Pienso en el niño que era mi padre con su dolor de cabeza endomingado, en todas las tardes en blanco y negro que hemos podido vivir adelantando la angustia sin sentido del final de la semana y del principio de otra. Y, sin tener nada que ver, me vienen a la memoria varias imágenes de una de mis películas favoritas, El Sur, de Víctor Erice, una película que es un domingo en sí misma: Estrella delante del cine Arcadia, la vuelta a casa, la imagen de aquella veleta en el tejado, incluso el baile el día de la Primera Comunión, ¿puede haber algo más de domingo que todo eso?

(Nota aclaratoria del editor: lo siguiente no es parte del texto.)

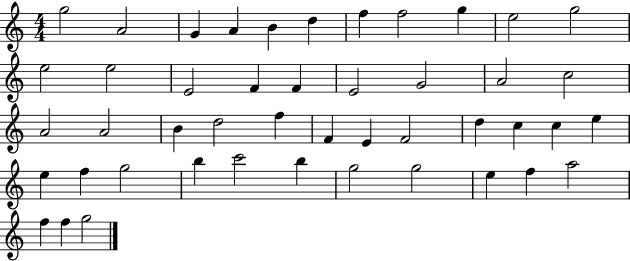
{
  \clef treble
  \numericTimeSignature
  \time 4/4
  \key c \major
  g''2 a'2 | g'4 a'4 b'4 d''4 | f''4 f''2 g''4 | e''2 g''2 | \break e''2 e''2 | e'2 f'4 f'4 | e'2 g'2 | a'2 c''2 | \break a'2 a'2 | b'4 d''2 f''4 | f'4 e'4 f'2 | d''4 c''4 c''4 e''4 | \break e''4 f''4 g''2 | b''4 c'''2 b''4 | g''2 g''2 | e''4 f''4 a''2 | \break f''4 f''4 g''2 | \bar "|."
} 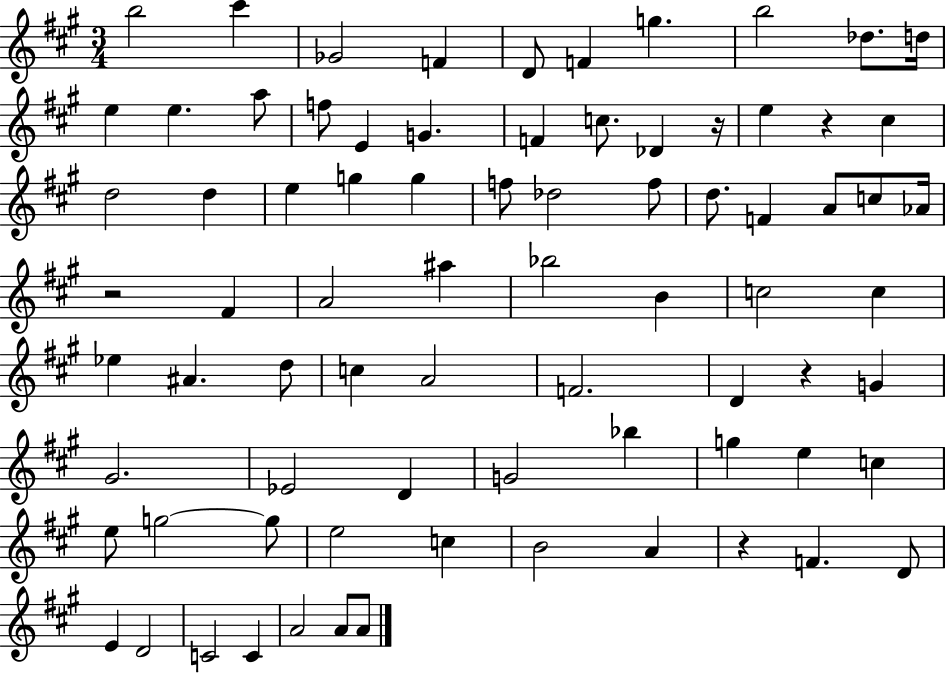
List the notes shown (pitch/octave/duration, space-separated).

B5/h C#6/q Gb4/h F4/q D4/e F4/q G5/q. B5/h Db5/e. D5/s E5/q E5/q. A5/e F5/e E4/q G4/q. F4/q C5/e. Db4/q R/s E5/q R/q C#5/q D5/h D5/q E5/q G5/q G5/q F5/e Db5/h F5/e D5/e. F4/q A4/e C5/e Ab4/s R/h F#4/q A4/h A#5/q Bb5/h B4/q C5/h C5/q Eb5/q A#4/q. D5/e C5/q A4/h F4/h. D4/q R/q G4/q G#4/h. Eb4/h D4/q G4/h Bb5/q G5/q E5/q C5/q E5/e G5/h G5/e E5/h C5/q B4/h A4/q R/q F4/q. D4/e E4/q D4/h C4/h C4/q A4/h A4/e A4/e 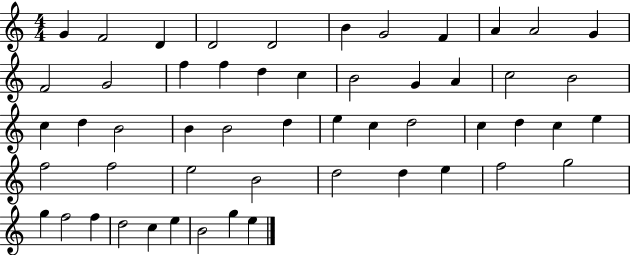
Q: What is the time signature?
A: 4/4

Sí, el domingo tiene esa esencia melancólica, algo enferma y maldita, como el otoño que adoraba Apollinaire. Seguro que a él le acabó doliendo la cabeza un domingo. Ese sentimiento es universal. Feliz lunes.

Para librarse de la grisura del domingo: Podéis participar en el reto #homero2019 y leer un canto de la Ilíada cada semana. Si esto es muy dominical, a mí me ha encantado Los países de Marie-Hélène Laffon, en Minúscula. Pensaba escribir sobre esto, pero se me fue el domingo al cielo.

Y escuchad Mr. Rain en Spotify. Cosa bonita.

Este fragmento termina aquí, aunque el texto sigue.